Arrival to the big freezer
After a long northbound travel, delayed two days by an arctic blizzard, the plane finally landed on the little airstrip outside the inuit settlement of Ulukhaktok. Both land and sea are totally frozen and snow covered. Fresh & sharp air sweep my face when I leave the plane. The thermometer show -27°C. Arctic here come the Kabluuna! (Inuktitut word for the White Man. Directly translated “Big eyebrows”)
An impressing landscape with cliffs straight up from the frozen sea ice meet me when I arrive the west coast of Victoria Island.
From the air I clearly see the small community of Ulukhaktok.
The people who live here in Ulukhaktok are called Ulukhaktokmiuts (“people of”), and contains approximately 400 persons. The large bluff overlooking the settlement contains slate and copper, and the inuits have for centuries used this for making tools. Ulukhaktok mean “The place were ulu parts are found”. The inuits here at the Coronation Gulf was of this reason earlier named “Copper Inuits” (or Kitlinermiuts), this because of their extensive use of artifacts made from native copper deposits of the whole region here (Banks and Victoria Island, and also the adjacent mainland). In the old days, the Copper Inuits during the winter time lived in large snow-house communities on the sea ice due to their main food source was seals. In summer they moved to the inland of the islands and mainland in search for caribou, muskoxen and fish.

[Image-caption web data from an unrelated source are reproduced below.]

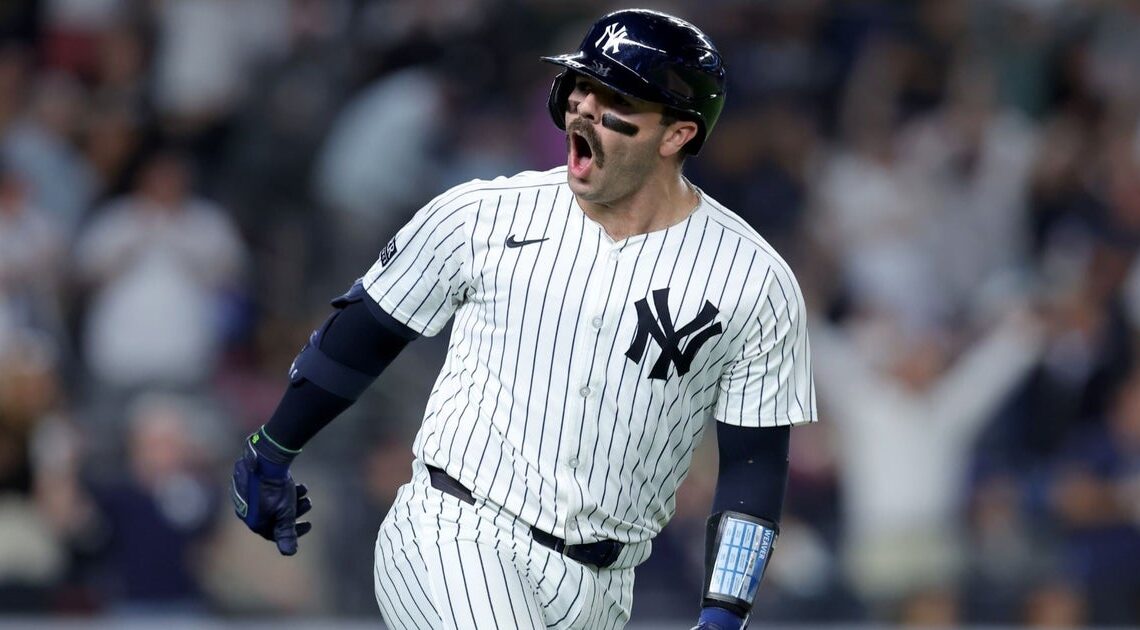 Austin Wells' four-RBI night powers Yankees to 10-4 win over Royals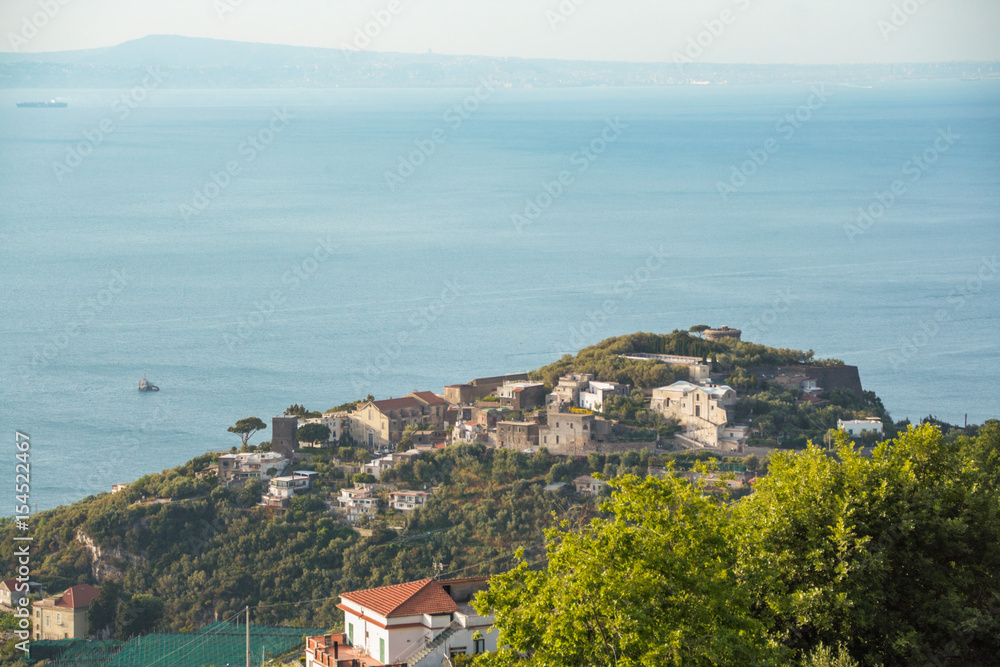 Massa Lubrense and landscape of Sorrento's peninsula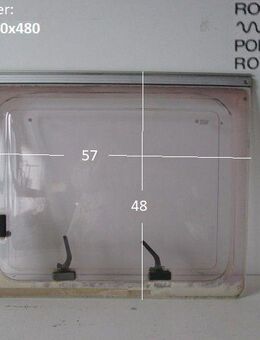 TEC Wohnwagenfenster Roxite 94 D399 ca 57 x 48 gebr. zbTB5 BJ 93 ORIGINAL - Schotten Zentrum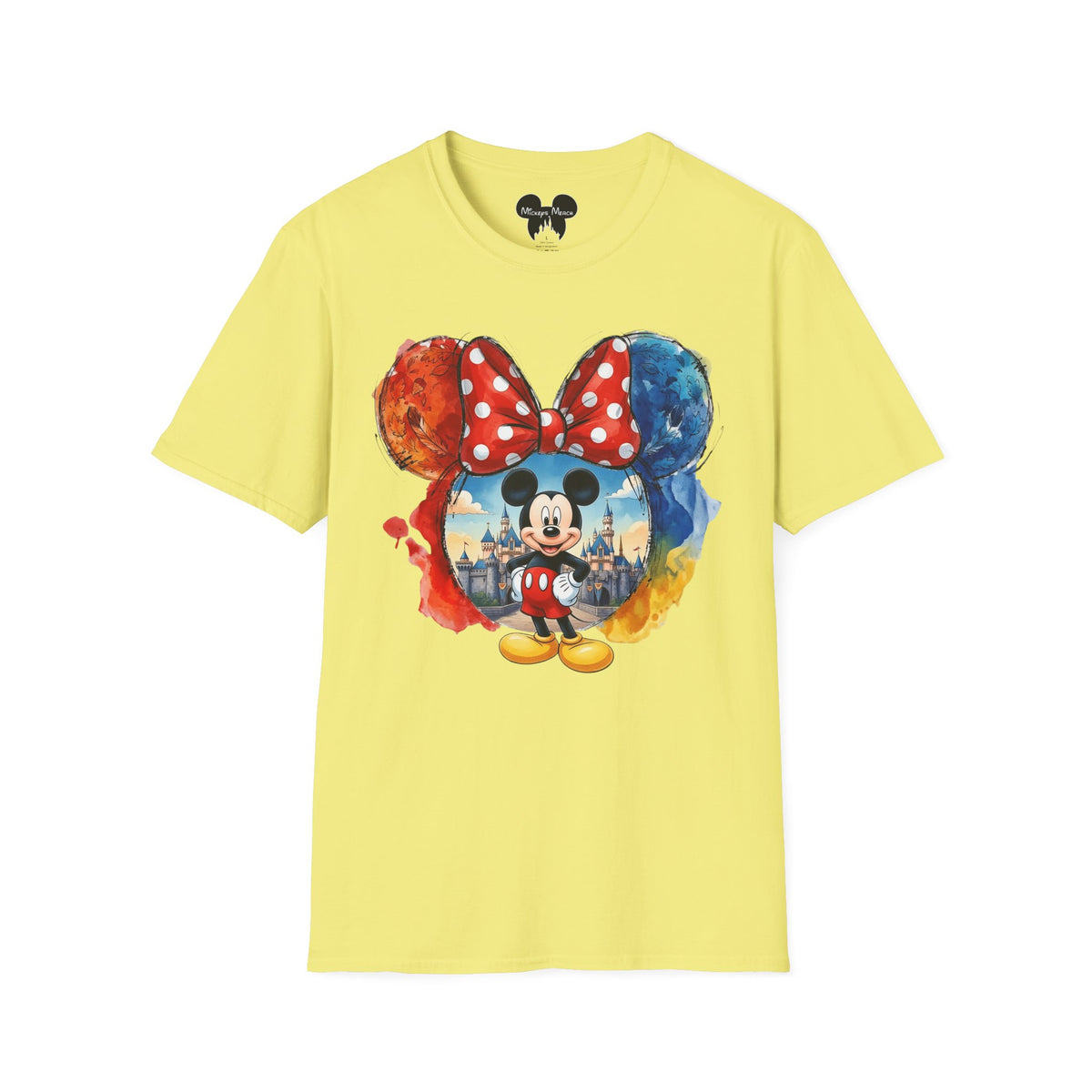 Sensational Six - Mickey's Kingdom of Dreams Watercolor Vignette Unisex Graphic Tee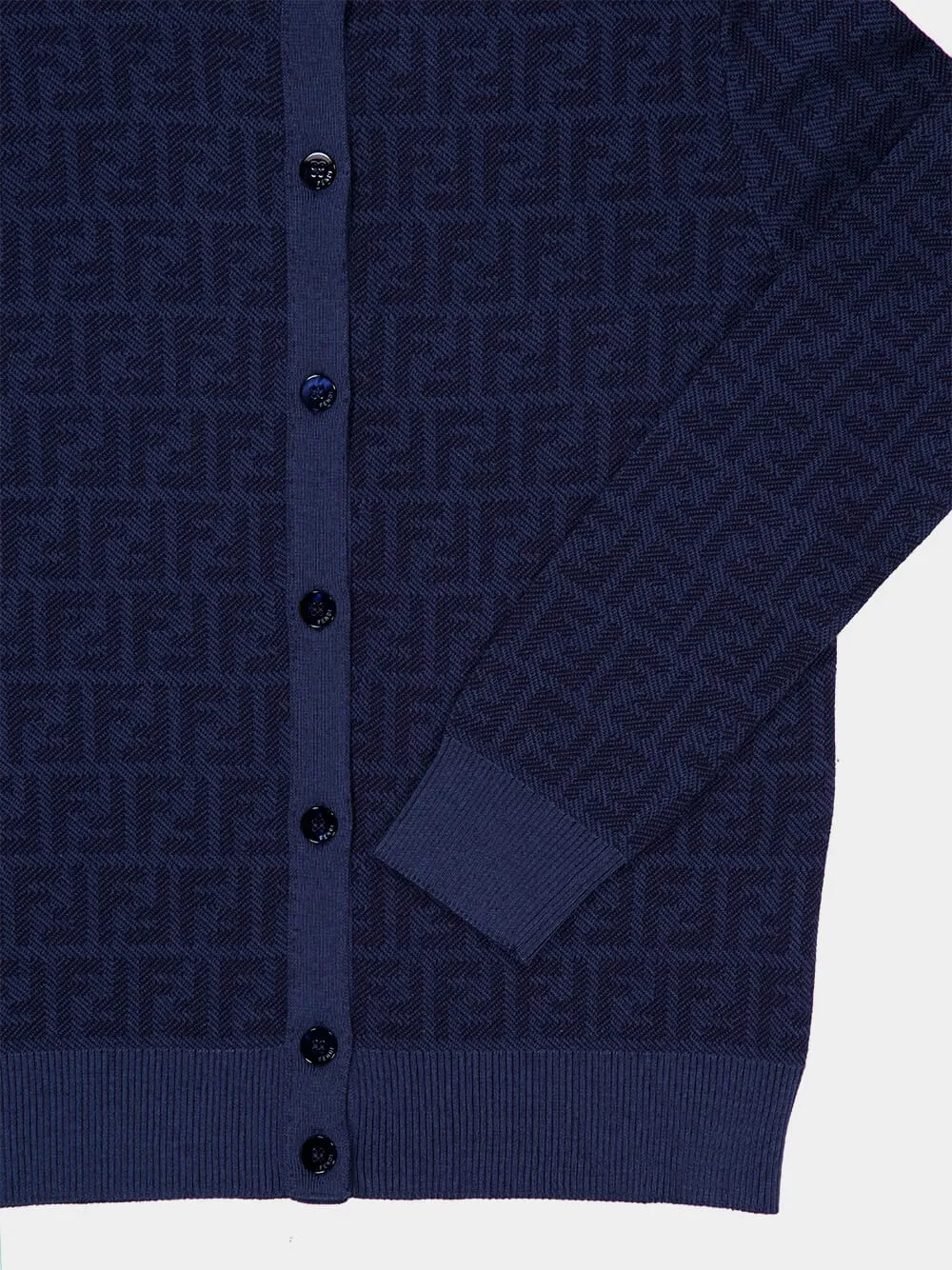 Blue FF Wool Cardigan sold by Fashion Clinic product image thumbnail 4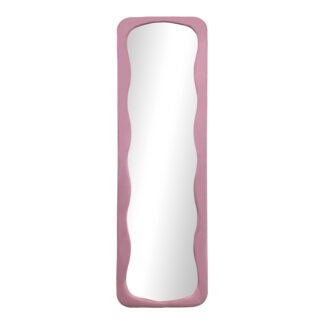 Καθρέπτης δαπέδου Lezour pakoworld βελούδο σε σάπιο μήλο απόχρωση 50x5x170εκ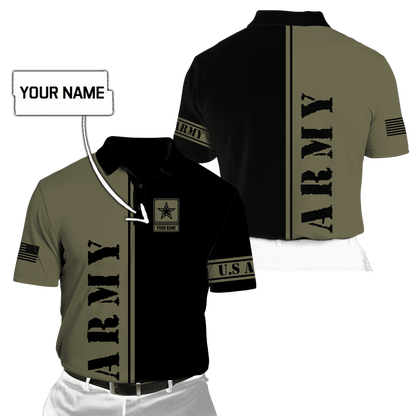 Custom name US Army Veteran Basic 3d printed shirts Proud Military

At last I finally arrived Ulukhaktok.
Some inuits still use dog sledge for transport.
A book named “INUK” was published in 1951. The attached map was then up to date. It is interesting to read that the words “Unknown wilderness” figured at that time… (underlined with red colour and translated from Norwegian)
Like other small traditional communities in arctic Canada, hunting, trapping and fishing are the major way of living. This is obvious when we see what lie outside the individual homes; Hides of Polar Bear, Muskox, seals and Caribou. Horns & antlers, trapped Arctic Foxes. I say hello to hunter Robert Kuptana, he is working with his new harpoon for seal hunting. The harpoon head itself he make of Muskox horn. The people are very friendly and I understand that they are happy here in this small community.
Polar Bear hide outside the homes of Ulukhaktok show what we already know: This is a typical inuit hunting & trapping community.
Traditional ulu from Ulukhaktok made of copper and bone.
Two smiling young ladies. Also typical for Ulukhaktok; nice and friendly people.
My intention with with this travel to Victoria Island is to make a travel out on the land,- photograph and document wildlife, landscape and the way the inuits navigate & survive in the harsh and winterly climate. Of course will both historical and archaeological sites also be of interest even though they can be hard to find since the land is snow covered.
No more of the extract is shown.